Go to the project > click CAILA > Data labeling in the dashboard to use data labeling.
Data labeling algorithm:
Prepare data
You need to prepare your data file before data labeling.
For example, it can be a file with phrases the classifier failed to associate with any of the intents at the required level of confidence.
Input file format:
UTF-8text file.- Each phrase is on a separate line.
Please note that the file length may not exceed 10,000 lines.
Load data
Click Upload logs in the window upper pane > drag and drop or select the file you have prepared in order to load it. The number of phrases loaded is displayed under the upper panel.
Refine data
In this step, we remove “garbage” from our data, such as special symbols, stop words, duplicates, etc.
Click Clear data in the window upper pane. Select the parameters you wish to use to refine your data:
- Remove symbols — all the symbols except alphanumeric characters are removed. All the phrases are modified, and this operation cannot be undone.
- Delete short lines less than — all the strings shorter than the specified number of characters are removed.
- Delete long lines longer than — all the strings longer than the specified number of characters are removed.
- Correct typos — typos are corrected in all the phrases. You can specify spellchecker options in the Extended NLU settings section of the project options. All the phrases are modified, and this operation cannot be undone.
- Delete stop-words — stop words are removed. The dictionary of stop words is built into the platform. All the phrases are modified, and this operation cannot be undone.
- Replace entities — all entity values are replaces with corresponding names. The values of active system and custom entities are replaces. All the phrases are modified, and this operation cannot be undone.
- Remove duplicates — all phrase duplicates are removed. A single unique value for each entity is left after this operation.
Click Clear.
You can click Show sorted in the window upper pane to view the phrases that have been removed. The phrases removed are at the bottom of the list and have the
icon.
Group phrases
You can assign a phrase to an intent without grouping. Select your phrase(s) > Select intent > select an existing or create a new intent > Add.

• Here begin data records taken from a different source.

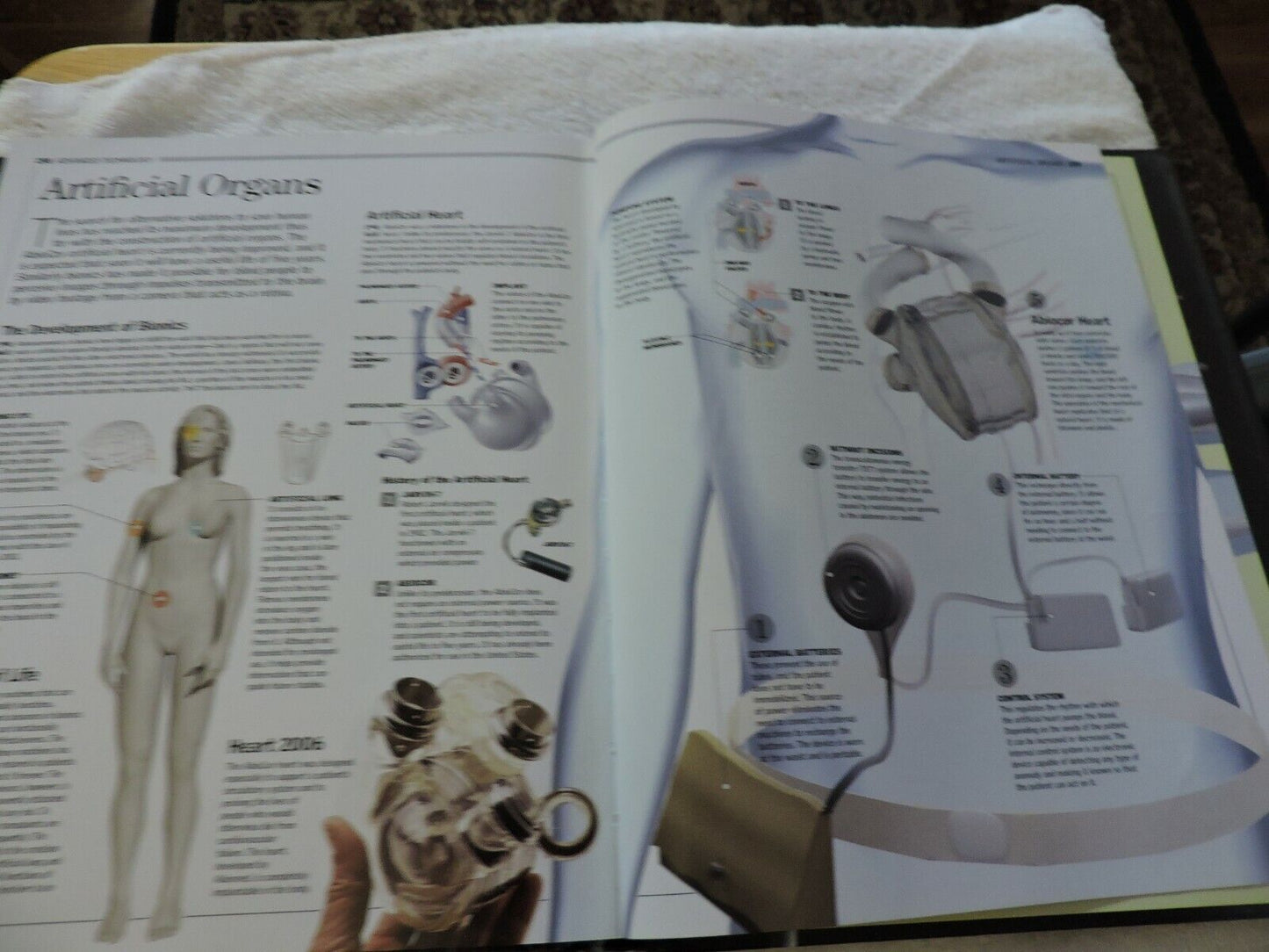 THE HUMAN BODY: A FAMILY REFERENCE GUIDE  2012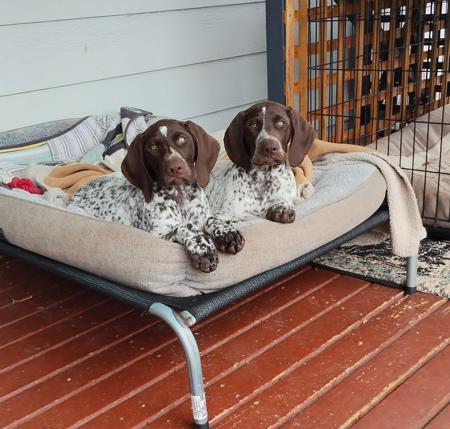 German Shorthaired Pointer puppy for sale by WINTRIEVER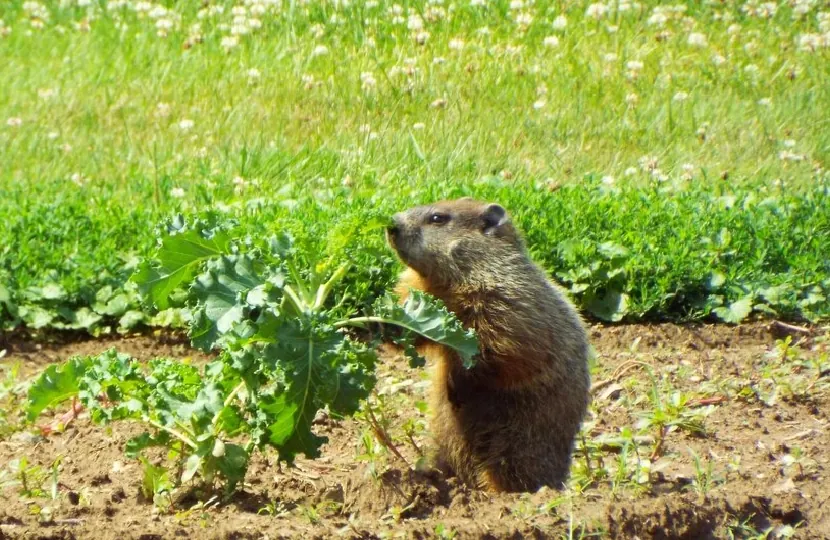Groundhog eating in garden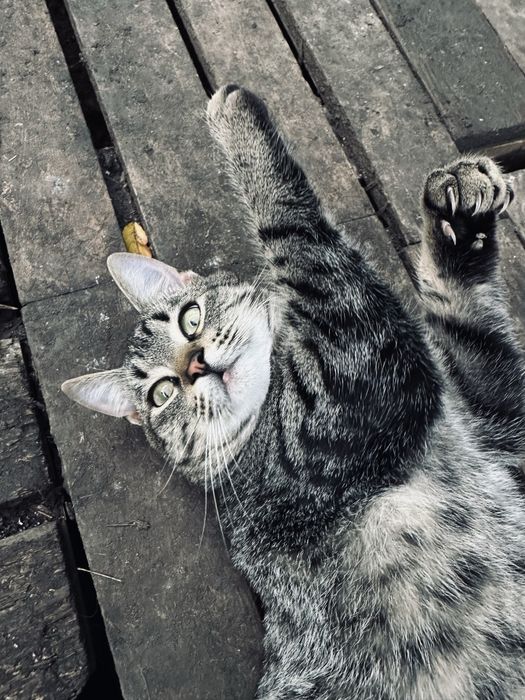 Кошеня сіре тигрятко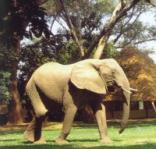 Wilderness Safaris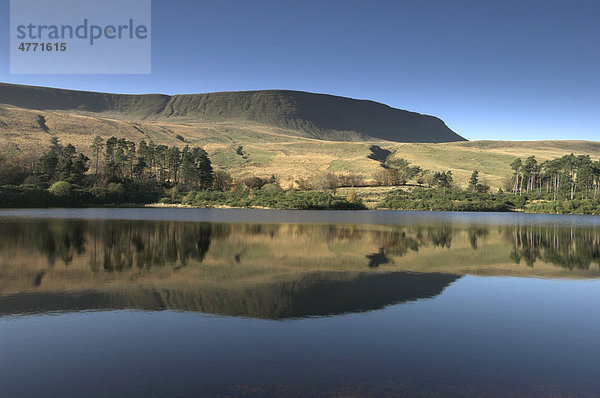 Der Berg Craig Fan Ddu spiegelt sich im Lower Neuadd Reservoir Stausee  Herbst  Brecon-Beacons-Nationalpark  Powys  Wales  Großbritannien  Europa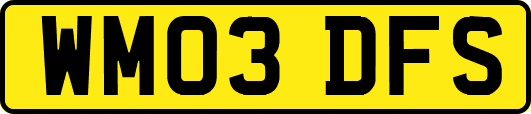 WM03DFS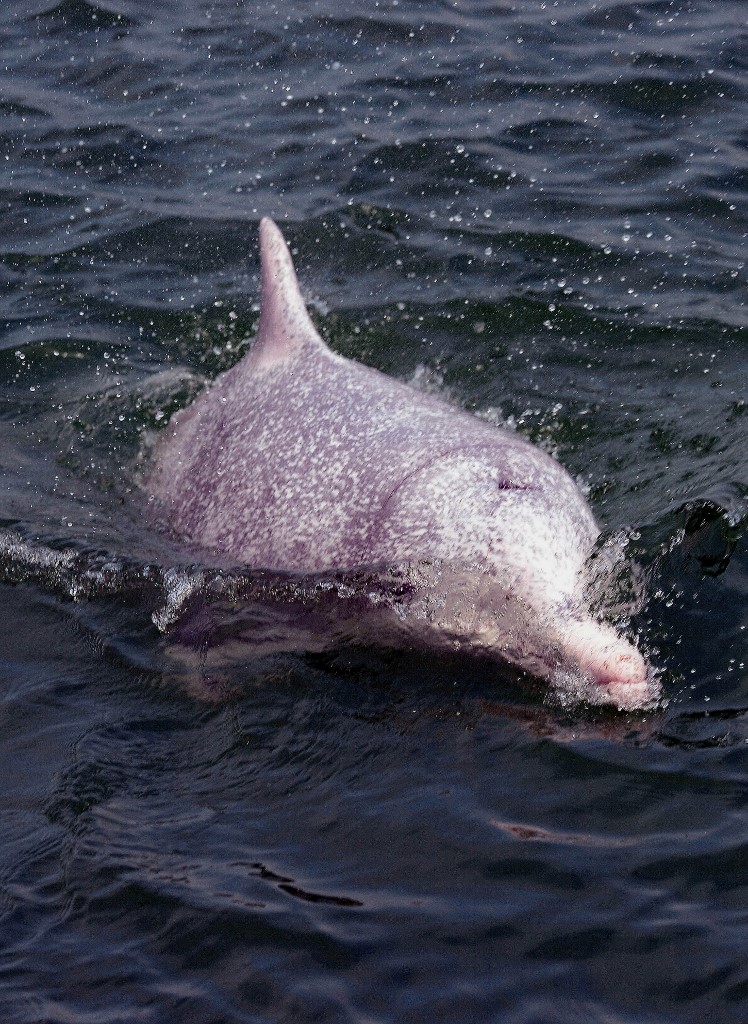 Delfin rosado Hong Kong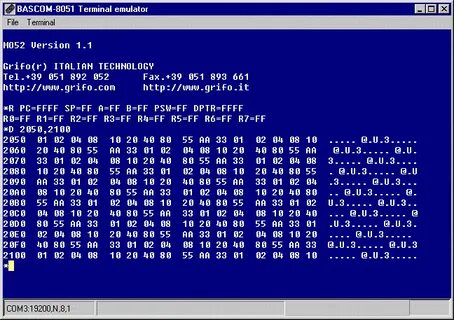 Terminal emulator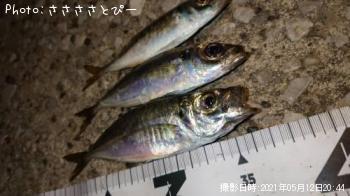 ¥¢¥¸¡õ¥á¥Ð¥ë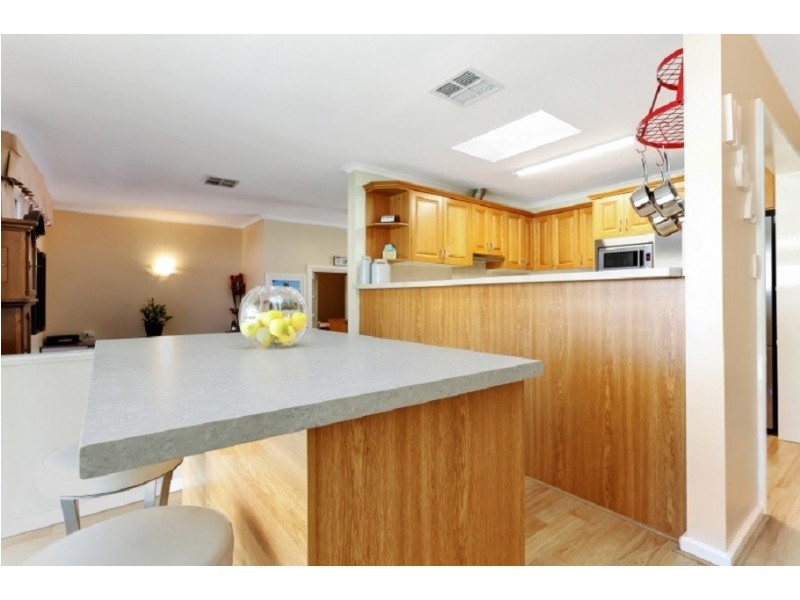 42 Littler Drive, Fairview Park SA 5126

Please note that the phrases added to the intents are saved at the Staging step.
You will find all your phrase grouping operations in the History of operations field. Click the name of the required group to go to it. All the groups based on the criteria you select are displayed in the Groups list field.
Possible grouping criteria:
Duplicates
The operation combines the duplicates into a single group.
Click Grouping > Duplicates in the window upper pane to create a group. Select Duplicates in the operation history.
Here you can assign an intent to your group. Select a phrase > Select intent > select an existing or create a new intent > Add.
Please note that the phrases added to the intents are saved at the Staging step.
Keywords
Select the keyword extraction method and fill in the fields.
TF/IDF
Fill in the fields for the method:
- Cast to lowercase — all the words will be converted to lowercase.
- Maximum N-gram length — the number of words to be combined into word combinations.
- Maximum skip-gram number — defines how
skip-n-grams(word combinations with skipped words) are created.
For example, you can get 5 1-skip-2-grams for the words one two three four:
one two
one three
two three
two four
three four- Minimum unigram frequency — the minimum frequency of a unigram in the corpus after which the unigram is taken for analysis. The value of 6~7 is recommended for smaller datasets or 7+ for larger ones.
- Minimum N-gram frequency — the minimum frequency of an N-gram in the corpus after which the N-gram is taken for analysis. The value of 2~4 is recommended for smaller datasets or 5+ for larger ones.
- Maximum number of N-grams from a phrase — you can limit the number of word combinations that can be extracted from a phrase. The recommended value is 2-5 (6-7 for longer phrases).
UDPipe
Fill in the fields for the method:
- Cast to lowercase — all the words will be converted to lowercase.
- Language — select the language of the phrases to be labeled.
- Keep verb head only — only word combinations containing the predicate will be extracted from the phrase.
- Lemmatize — each word will be replaces with its normalized form.
Select the method name in the operation history to go to the keyword grouping results. Here you can assign an intent to your group. Select your phrase(s) > Select intent > select an existing or create a new intent > Add.
Please note that the phrases added to the intents are saved at the Staging step.
Intents
The Intents grouping method can be used to match the phrases you have added and the intents active in the project.
Each phrase is assigned the numeric value of confidence during grouping. The confidence parameter is the level of confidence of the JAICP platform that the specified phrase belongs to a certain intent.
Click Grouping > Intents in the window upper pane to create a group. Select Intents in the operation history.
You can adjust the display of phrases by the confidence level by dragging the Confidence slider in the window upper pane.
Click Hide conflicting to hide the phrases assigned to multiple active intents.
Here you can assign an intent to your group. Select your phrase(s) > Select intent > select an existing or create a new intent > Add.
Click Add all to intents to add all the phrases to corresponding intents.
Please note that the phrases added to the intents are saved at the Staging step.
Clusters
Clustering is classification without known classes. It finds similar objects and groups them into clusters. You can specify the number of clusters manually or let the algorithm decide for you.
Select the clustering method and fill in the fields.
K-Means
Fill in the fields for the method:
- Language — select the language of the phrases to be labeled.
- Number of clusters — specify the number of clusters to group phrases in.
Linkage
- Language — select the language of the phrases to be labeled.
- Threshold value — the hierarchical clustering parameter defining the maximum allowed distance between clusters.
- Number of phrases for clustering — the number of lines from the current file to be taken for processing. This parameter is used when the original log array is massive and its processing would require a lot of time.
Select the method name in the operation history to go to the cluster grouping results. Here you can assign an intent to your group. Select your phrase(s) > Select intent > select an existing or create a new intent > Add.
Please note that the phrases added to the intents are saved at the Staging step.
Staging
Click Staging in the window upper pane. Here you can find all the phrases added to intents at the previous stages.
Click Save to intents to save the added phrases to intents.